## WHAT IS REQUIRED
Your job with the data below: print everything from the line that holds "Cozy screened porch" down to the line that holds "lot 136 image: Transformers", ends included, exactly, and nothing else.

## SUPPLIED MATERIAL
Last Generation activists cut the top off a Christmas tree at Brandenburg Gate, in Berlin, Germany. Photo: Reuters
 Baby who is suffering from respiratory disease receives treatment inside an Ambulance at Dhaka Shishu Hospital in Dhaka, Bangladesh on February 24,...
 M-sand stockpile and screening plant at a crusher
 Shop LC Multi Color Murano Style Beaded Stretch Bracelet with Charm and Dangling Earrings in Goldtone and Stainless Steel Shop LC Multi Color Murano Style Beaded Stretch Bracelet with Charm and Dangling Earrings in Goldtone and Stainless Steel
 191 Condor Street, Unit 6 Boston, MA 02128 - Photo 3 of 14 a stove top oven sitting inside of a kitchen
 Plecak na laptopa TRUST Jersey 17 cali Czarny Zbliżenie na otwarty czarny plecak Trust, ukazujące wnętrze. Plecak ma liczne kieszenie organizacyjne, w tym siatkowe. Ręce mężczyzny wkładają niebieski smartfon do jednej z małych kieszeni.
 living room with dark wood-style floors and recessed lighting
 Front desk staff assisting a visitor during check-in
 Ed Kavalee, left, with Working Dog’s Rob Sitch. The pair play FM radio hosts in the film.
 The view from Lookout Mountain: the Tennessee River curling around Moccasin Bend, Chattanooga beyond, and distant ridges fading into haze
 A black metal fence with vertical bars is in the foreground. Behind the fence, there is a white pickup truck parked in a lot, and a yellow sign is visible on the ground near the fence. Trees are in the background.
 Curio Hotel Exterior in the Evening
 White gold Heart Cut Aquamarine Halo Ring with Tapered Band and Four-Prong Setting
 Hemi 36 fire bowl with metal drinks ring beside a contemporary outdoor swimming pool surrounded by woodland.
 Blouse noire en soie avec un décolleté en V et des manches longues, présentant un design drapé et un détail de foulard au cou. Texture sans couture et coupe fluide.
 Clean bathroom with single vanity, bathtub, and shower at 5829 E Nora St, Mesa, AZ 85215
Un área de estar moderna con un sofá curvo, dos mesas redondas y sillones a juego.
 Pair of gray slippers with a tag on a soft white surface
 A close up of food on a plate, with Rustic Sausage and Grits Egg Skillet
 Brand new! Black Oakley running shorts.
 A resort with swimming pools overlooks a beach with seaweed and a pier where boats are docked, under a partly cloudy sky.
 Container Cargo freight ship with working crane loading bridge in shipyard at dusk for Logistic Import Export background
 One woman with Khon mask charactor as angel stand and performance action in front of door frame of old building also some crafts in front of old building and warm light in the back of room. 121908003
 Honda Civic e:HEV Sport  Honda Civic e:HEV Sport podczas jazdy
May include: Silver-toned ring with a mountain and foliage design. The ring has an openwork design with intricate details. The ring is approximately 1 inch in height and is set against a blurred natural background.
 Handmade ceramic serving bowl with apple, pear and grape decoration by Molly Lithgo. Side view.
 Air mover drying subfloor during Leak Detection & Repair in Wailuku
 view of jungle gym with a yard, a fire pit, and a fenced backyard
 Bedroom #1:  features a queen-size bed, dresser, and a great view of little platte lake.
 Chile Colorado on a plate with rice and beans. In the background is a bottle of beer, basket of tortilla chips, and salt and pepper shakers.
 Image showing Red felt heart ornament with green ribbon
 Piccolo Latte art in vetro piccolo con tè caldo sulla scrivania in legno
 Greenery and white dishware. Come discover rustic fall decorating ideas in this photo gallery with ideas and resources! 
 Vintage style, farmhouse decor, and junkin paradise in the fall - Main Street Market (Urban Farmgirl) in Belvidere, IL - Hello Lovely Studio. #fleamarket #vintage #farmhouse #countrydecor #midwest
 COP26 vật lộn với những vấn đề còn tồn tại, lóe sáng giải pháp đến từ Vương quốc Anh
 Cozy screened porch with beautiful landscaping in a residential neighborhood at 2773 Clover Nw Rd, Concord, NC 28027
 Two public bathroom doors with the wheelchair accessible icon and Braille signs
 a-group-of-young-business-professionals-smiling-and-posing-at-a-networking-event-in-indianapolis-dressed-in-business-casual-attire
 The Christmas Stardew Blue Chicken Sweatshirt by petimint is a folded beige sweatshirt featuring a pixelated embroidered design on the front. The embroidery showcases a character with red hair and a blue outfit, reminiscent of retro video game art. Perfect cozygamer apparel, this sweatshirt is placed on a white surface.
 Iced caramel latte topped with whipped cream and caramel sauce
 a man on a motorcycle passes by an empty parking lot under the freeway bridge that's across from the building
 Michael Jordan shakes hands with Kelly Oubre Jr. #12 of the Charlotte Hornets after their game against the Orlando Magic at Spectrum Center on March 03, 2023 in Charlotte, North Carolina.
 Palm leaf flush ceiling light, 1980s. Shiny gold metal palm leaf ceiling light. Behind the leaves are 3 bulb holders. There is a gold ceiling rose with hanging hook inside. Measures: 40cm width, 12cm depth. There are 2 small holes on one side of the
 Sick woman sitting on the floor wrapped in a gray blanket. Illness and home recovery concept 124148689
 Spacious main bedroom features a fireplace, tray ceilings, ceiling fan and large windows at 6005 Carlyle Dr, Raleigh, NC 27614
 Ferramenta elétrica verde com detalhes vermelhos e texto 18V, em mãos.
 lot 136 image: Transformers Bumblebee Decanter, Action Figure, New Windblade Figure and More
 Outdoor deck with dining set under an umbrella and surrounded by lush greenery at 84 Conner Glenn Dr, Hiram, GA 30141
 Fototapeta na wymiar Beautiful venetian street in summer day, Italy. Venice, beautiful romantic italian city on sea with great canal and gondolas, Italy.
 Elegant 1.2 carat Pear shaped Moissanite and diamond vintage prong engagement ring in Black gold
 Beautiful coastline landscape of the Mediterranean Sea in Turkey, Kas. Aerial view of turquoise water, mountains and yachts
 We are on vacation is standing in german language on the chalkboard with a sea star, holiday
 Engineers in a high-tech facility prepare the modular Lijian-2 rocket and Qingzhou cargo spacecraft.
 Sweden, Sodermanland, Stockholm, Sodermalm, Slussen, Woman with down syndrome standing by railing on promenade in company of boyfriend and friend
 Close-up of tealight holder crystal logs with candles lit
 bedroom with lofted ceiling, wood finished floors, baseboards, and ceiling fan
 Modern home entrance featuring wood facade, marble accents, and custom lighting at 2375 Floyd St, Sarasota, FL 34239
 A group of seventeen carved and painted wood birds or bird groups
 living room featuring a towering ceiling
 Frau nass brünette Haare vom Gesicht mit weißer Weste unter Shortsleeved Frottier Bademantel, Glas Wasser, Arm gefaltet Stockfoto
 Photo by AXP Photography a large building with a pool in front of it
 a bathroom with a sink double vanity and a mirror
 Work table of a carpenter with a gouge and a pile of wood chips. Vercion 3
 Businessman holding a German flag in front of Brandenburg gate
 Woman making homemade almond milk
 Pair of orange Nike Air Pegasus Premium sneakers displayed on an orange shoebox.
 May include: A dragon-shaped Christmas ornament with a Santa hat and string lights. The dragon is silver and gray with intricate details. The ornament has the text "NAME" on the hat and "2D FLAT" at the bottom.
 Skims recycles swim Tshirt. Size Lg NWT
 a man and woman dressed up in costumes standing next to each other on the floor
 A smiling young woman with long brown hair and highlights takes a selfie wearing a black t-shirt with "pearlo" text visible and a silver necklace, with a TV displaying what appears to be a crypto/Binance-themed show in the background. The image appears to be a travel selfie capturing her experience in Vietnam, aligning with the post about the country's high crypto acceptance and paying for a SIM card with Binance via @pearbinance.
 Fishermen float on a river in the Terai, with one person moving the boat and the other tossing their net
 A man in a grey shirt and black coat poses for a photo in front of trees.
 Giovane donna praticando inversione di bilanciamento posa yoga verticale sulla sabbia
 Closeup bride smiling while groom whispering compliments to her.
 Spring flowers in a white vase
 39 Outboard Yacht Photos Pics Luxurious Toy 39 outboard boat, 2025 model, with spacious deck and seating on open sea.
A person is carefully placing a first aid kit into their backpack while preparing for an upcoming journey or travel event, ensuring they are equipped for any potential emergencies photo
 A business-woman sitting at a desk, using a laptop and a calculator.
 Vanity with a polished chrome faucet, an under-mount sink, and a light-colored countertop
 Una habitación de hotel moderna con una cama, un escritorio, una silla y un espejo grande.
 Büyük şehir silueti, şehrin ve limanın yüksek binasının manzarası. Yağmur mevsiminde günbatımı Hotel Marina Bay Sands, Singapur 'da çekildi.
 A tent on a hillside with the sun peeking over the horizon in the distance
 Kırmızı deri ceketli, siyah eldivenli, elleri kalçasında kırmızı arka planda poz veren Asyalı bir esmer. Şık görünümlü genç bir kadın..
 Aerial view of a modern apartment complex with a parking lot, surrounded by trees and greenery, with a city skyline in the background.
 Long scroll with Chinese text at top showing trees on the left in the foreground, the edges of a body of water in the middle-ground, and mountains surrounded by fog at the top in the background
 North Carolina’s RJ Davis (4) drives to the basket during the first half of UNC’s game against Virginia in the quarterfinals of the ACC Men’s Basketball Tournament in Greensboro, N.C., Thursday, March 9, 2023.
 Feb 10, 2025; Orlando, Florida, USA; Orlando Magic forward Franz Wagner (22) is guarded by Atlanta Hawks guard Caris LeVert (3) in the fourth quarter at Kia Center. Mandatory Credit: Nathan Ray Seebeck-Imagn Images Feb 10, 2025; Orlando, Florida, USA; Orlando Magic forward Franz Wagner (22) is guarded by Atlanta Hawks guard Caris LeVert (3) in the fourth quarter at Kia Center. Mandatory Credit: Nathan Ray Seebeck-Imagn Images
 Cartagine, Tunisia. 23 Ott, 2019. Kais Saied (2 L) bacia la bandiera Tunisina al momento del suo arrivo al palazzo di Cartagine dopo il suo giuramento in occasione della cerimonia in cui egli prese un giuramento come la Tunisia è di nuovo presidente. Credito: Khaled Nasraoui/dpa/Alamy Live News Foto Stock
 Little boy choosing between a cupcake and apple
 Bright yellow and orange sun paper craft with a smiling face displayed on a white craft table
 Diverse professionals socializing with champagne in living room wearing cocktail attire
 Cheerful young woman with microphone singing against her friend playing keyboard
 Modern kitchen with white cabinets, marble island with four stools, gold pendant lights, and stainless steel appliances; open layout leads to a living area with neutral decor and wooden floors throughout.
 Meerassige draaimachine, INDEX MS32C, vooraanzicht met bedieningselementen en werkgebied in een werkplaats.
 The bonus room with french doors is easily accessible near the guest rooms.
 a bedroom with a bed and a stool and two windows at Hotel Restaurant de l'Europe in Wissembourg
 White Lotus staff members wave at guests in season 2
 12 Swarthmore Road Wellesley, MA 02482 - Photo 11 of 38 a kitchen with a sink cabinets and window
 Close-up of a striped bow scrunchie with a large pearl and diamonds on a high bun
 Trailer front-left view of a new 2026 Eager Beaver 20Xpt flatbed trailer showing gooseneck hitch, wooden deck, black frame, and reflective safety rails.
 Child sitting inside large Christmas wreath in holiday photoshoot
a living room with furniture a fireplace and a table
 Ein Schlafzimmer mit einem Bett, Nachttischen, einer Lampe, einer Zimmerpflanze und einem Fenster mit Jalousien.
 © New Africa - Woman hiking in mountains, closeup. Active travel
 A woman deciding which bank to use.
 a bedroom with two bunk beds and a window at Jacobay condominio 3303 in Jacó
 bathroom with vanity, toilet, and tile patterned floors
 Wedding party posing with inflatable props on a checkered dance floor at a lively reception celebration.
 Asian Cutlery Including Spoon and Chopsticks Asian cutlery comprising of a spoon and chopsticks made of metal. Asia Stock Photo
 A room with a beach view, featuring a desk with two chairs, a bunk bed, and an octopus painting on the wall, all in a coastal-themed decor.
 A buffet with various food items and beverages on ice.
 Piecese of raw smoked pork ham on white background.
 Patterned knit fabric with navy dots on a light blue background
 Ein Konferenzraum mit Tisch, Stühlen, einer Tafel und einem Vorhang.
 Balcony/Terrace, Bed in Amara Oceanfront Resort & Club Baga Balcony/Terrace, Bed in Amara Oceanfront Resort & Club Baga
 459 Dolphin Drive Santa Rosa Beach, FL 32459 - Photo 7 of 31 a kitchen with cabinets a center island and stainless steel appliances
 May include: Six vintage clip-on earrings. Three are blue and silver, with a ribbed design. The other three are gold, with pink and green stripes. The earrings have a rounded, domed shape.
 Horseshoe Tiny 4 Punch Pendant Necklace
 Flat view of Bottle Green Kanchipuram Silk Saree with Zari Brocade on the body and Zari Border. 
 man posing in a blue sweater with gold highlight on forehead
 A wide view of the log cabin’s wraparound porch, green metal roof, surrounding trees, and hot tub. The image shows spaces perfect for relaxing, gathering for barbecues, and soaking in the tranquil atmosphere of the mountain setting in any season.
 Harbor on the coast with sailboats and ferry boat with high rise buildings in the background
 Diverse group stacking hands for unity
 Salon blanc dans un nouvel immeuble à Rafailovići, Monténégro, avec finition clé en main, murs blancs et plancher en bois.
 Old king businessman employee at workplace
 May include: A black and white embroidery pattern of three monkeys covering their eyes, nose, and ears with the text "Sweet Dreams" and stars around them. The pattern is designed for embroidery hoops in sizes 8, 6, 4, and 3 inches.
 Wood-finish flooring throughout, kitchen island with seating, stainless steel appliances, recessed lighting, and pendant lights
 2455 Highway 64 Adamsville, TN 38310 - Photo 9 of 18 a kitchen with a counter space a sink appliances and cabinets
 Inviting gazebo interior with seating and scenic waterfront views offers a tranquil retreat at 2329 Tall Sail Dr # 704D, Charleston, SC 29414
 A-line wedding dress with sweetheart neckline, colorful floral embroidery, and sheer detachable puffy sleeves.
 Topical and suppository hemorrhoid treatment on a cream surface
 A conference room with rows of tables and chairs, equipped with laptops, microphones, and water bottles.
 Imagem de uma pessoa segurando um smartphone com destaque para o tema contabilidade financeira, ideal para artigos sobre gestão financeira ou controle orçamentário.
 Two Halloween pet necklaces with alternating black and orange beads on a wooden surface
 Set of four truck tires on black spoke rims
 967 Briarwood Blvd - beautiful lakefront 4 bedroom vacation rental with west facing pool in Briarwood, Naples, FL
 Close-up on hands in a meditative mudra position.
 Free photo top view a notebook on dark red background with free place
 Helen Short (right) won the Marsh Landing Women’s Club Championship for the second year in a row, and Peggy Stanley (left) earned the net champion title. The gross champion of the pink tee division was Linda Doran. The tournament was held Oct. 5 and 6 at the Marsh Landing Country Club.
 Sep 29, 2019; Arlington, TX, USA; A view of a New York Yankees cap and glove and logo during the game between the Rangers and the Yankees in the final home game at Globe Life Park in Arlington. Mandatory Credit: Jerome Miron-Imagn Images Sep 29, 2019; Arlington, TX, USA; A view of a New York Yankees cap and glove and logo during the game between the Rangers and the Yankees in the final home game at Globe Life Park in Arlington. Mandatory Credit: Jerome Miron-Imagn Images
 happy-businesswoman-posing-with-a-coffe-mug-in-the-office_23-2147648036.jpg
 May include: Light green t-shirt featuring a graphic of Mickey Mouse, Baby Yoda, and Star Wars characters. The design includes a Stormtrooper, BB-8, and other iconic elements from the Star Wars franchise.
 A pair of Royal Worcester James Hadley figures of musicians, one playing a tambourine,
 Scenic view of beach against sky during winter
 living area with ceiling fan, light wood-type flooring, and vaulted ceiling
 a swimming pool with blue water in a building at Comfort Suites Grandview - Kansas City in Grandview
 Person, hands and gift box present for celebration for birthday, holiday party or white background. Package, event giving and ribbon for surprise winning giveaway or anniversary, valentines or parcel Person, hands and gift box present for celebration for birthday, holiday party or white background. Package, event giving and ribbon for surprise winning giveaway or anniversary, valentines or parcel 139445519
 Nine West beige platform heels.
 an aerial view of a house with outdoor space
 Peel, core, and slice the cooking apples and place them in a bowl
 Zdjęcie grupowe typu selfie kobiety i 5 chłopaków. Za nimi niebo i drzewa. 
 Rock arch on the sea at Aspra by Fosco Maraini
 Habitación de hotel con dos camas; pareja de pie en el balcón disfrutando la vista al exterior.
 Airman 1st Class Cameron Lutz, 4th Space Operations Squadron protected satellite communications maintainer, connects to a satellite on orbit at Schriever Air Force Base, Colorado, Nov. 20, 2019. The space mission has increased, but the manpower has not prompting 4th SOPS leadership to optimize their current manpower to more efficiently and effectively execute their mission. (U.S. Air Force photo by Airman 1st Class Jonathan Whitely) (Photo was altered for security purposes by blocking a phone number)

## RESULT OF THE EXERCISE
 Cozy screened porch with beautiful landscaping in a residential neighborhood at 2773 Clover Nw Rd, Concord, NC 28027
 Two public bathroom doors with the wheelchair accessible icon and Braille signs
 a-group-of-young-business-professionals-smiling-and-posing-at-a-networking-event-in-indianapolis-dressed-in-business-casual-attire
 The Christmas Stardew Blue Chicken Sweatshirt by petimint is a folded beige sweatshirt featuring a pixelated embroidered design on the front. The embroidery showcases a character with red hair and a blue outfit, reminiscent of retro video game art. Perfect cozygamer apparel, this sweatshirt is placed on a white surface.
 Iced caramel latte topped with whipped cream and caramel sauce
 a man on a motorcycle passes by an empty parking lot under the freeway bridge that's across from the building
 Michael Jordan shakes hands with Kelly Oubre Jr. #12 of the Charlotte Hornets after their game against the Orlando Magic at Spectrum Center on March 03, 2023 in Charlotte, North Carolina.
 Palm leaf flush ceiling light, 1980s. Shiny gold metal palm leaf ceiling light. Behind the leaves are 3 bulb holders. There is a gold ceiling rose with hanging hook inside. Measures: 40cm width, 12cm depth. There are 2 small holes on one side of the
 Sick woman sitting on the floor wrapped in a gray blanket. Illness and home recovery concept 124148689
 Spacious main bedroom features a fireplace, tray ceilings, ceiling fan and large windows at 6005 Carlyle Dr, Raleigh, NC 27614
 Ferramenta elétrica verde com detalhes vermelhos e texto 18V, em mãos.
 lot 136 image: Transformers Bumblebee Decanter, Action Figure, New Windblade Figure and More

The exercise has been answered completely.